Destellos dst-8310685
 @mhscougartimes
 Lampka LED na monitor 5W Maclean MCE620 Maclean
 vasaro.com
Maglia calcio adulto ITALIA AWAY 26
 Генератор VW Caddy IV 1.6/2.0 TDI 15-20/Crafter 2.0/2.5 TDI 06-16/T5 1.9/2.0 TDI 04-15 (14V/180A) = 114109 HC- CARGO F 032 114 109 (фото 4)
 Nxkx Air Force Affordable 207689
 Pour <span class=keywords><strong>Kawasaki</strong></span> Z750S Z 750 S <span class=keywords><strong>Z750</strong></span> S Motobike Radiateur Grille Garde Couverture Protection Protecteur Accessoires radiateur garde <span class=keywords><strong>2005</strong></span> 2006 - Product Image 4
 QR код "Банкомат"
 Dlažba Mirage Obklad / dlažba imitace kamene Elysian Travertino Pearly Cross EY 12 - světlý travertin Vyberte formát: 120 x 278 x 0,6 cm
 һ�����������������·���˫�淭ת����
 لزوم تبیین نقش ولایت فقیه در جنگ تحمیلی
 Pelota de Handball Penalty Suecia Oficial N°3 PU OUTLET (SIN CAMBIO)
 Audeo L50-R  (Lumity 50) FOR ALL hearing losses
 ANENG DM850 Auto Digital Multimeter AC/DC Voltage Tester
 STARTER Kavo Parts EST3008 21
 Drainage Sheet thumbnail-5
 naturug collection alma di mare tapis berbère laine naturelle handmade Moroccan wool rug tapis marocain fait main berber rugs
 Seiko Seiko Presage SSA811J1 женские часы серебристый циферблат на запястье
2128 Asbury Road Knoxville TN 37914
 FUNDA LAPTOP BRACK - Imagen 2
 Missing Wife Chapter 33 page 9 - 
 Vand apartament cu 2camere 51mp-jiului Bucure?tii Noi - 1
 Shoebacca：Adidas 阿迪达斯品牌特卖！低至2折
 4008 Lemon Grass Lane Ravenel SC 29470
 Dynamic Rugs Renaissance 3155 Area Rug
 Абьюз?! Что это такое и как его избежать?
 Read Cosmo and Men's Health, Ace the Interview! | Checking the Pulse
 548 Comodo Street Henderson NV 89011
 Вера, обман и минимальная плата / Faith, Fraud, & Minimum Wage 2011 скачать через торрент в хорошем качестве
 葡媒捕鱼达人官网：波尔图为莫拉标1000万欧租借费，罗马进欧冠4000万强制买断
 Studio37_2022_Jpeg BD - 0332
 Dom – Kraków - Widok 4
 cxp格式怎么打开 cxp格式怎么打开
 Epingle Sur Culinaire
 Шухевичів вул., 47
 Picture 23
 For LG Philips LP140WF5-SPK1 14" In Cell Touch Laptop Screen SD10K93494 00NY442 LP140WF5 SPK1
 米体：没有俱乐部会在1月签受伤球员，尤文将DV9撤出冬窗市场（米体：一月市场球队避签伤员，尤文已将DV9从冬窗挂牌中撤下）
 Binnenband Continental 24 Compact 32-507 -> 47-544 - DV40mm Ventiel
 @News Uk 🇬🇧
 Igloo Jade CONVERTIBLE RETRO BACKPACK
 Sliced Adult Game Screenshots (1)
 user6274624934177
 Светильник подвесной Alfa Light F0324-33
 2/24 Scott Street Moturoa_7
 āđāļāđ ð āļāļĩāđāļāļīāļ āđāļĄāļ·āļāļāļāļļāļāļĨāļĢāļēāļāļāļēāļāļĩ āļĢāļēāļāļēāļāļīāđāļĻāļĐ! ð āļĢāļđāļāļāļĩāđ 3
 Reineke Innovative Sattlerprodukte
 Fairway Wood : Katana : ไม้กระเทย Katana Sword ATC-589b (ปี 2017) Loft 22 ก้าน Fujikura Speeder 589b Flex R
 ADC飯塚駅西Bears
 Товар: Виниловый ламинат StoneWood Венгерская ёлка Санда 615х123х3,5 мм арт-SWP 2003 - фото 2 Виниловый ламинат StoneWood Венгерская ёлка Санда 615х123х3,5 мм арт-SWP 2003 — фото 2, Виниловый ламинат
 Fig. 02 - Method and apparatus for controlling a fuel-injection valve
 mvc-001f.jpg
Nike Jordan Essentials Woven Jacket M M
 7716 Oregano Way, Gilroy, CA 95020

◆ TASK DIRECTIONS: In the listing above, find the line with "Dynamic Rugs Renaissance 3155 Area Rug" and the line with "米体：没有俱乐部会在1月签受"; set down exactly those two lines and every line between them, nothing more.

◆ WRITTEN ANSWER:
 Dynamic Rugs Renaissance 3155 Area Rug
 Абьюз?! Что это такое и как его избежать?
 Read Cosmo and Men's Health, Ace the Interview! | Checking the Pulse
 548 Comodo Street Henderson NV 89011
 Вера, обман и минимальная плата / Faith, Fraud, & Minimum Wage 2011 скачать через торрент в хорошем качестве
 葡媒捕鱼达人官网：波尔图为莫拉标1000万欧租借费，罗马进欧冠4000万强制买断
 Studio37_2022_Jpeg BD - 0332
 Dom – Kraków - Widok 4
 cxp格式怎么打开 cxp格式怎么打开
 Epingle Sur Culinaire
 Шухевичів вул., 47
 Picture 23
 For LG Philips LP140WF5-SPK1 14" In Cell Touch Laptop Screen SD10K93494 00NY442 LP140WF5 SPK1
 米体：没有俱乐部会在1月签受伤球员，尤文将DV9撤出冬窗市场（米体：一月市场球队避签伤员，尤文已将DV9从冬窗挂牌中撤下）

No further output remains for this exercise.